I made a simple script to try to do gradient accumulation with JAX. The idea is to have large batch size (e.g. 64) that are split in small chunks (e.g. 4) that fit in the GPU's memory. For each chunck, the resulting gradient, stored in a pytree, is added to the current batch gradient. The update is done only when all chunks of the large batch are computed. In this particular example, we simply try to fit random 512-dimensional vectors to random booleans with a linear layer. Here is the script:

import jax
import jax.numpy as jnp
from jax import jit, random
from jax.experimental import optimizers
from functools import partial
from jax.nn.initializers import normal, zeros
from typing import Callable
from dataclasses import dataclass

class Jax_model:
    init_fun: Callable
    apply_fun: Callable

def Dense(input_size: int, output_size: int, init_kernel=normal(), init_bias=zeros):

    def init_fun(key):
        key, sub_key1, sub_key2 = jax.random.split(key, 3)
        params = {
            'I': init_kernel(sub_key1, (input_size, output_size) ),
            'I_b': init_bias(sub_key2, (1,output_size) ),
        return params

    def apply_fun(params, inputs):
        I, I_b, = params['I'], params['I_b']
        logits = inputs @ I + I_b
        return logits

    return Jax_model(init_fun, apply_fun)
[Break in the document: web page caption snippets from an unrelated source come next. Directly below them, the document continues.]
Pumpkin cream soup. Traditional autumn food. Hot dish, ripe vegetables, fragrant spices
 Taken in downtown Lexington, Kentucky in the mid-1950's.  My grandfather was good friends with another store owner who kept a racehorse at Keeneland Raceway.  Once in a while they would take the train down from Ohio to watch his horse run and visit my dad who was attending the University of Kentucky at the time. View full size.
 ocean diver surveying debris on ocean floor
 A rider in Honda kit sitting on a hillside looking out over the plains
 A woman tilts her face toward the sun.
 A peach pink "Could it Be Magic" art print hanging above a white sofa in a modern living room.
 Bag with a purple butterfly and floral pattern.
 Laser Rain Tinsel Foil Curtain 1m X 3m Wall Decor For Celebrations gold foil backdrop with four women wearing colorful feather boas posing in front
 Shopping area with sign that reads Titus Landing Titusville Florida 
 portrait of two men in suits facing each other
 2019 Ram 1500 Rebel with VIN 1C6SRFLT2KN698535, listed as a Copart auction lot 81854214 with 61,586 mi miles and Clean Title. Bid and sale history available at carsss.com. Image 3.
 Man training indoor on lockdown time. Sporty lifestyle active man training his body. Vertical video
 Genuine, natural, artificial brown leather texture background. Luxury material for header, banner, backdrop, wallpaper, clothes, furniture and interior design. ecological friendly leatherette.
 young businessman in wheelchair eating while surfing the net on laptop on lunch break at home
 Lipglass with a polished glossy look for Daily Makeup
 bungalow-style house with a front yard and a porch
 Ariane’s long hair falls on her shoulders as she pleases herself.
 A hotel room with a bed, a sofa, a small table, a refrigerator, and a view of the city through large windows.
def divide_pytree(pytree, div):
    for pt in jax.tree_util.tree_leaves(pytree):
        pt = pt / div
    return pytree

def add_pytrees(pytree1, pytree2):
    for pt1, pt2 in zip( jax.tree_util.tree_leaves(pytree1), jax.tree_util.tree_leaves(pytree2) ):
        pt1 = pt1 + pt2
    return pytree1

rng_key = random.PRNGKey(42)
batch_size = 64
accumulation_size = 4
model_dim = 512
n_iter = 50

model = Dense(model_dim, 1)
rng_key, sub_key = random.split(rng_key)
init_params = model.init_fun(sub_key)
opt_init, opt_update, get_params = optimizers.adam(0.001)
opt_state = opt_init(init_params)

def update(i, current_opt_state, current_batch):
    N = current_batch[0].shape[0]
    K = accumulation_size
    num_gradients = N//K
    accumulation_batch = (current_batch[ib][0:K] for ib in range(len(current_batch)))
    value, grads = jax.value_and_grad(loss_func)(get_params(current_opt_state), accumulation_batch)
    value = value / num_gradients
    grads = divide_pytree(grads, num_gradients)
    for k in range(K,N,K):
        accumulation_batch = (current_batch[ib][k:k+K] for ib in range(len(current_batch)))
        new_value, new_grads = jax.value_and_grad(loss_func)(get_params(current_opt_state), accumulation_batch)
        value = value + (new_value / num_gradients)
        grads = add_pytrees(grads, divide_pytree(new_grads, num_gradients))
    return opt_update(i, grads, current_opt_state), value

def loss_func(current_params, current_batch):
    inputs, labels = current_batch
    predictions = model.apply_fun(current_params, inputs)
    loss = jnp.square(labels-predictions).sum()
    return loss

for i in range(n_iter):
    rng_key, sub_key1, sub_key2 = random.split(rng_key, 3)
    inputs = jax.random.uniform(sub_key1, (batch_size, model_dim))
    labels = jax.random.uniform(sub_key2, (batch_size, 1)) > 0.5
    batch = inputs, labels
    opt_state, batch_loss = update(i, opt_state, batch)
    print(i, batch_loss)

I have doubts about the divide_pytree and add_pytrees. Does it actually modify the current batch gradient or am I missing something ? Moreover, do you see any speed issue with this code ? In particular, should I use the jax.lax.fori_loop in place of the traditional python for loop ?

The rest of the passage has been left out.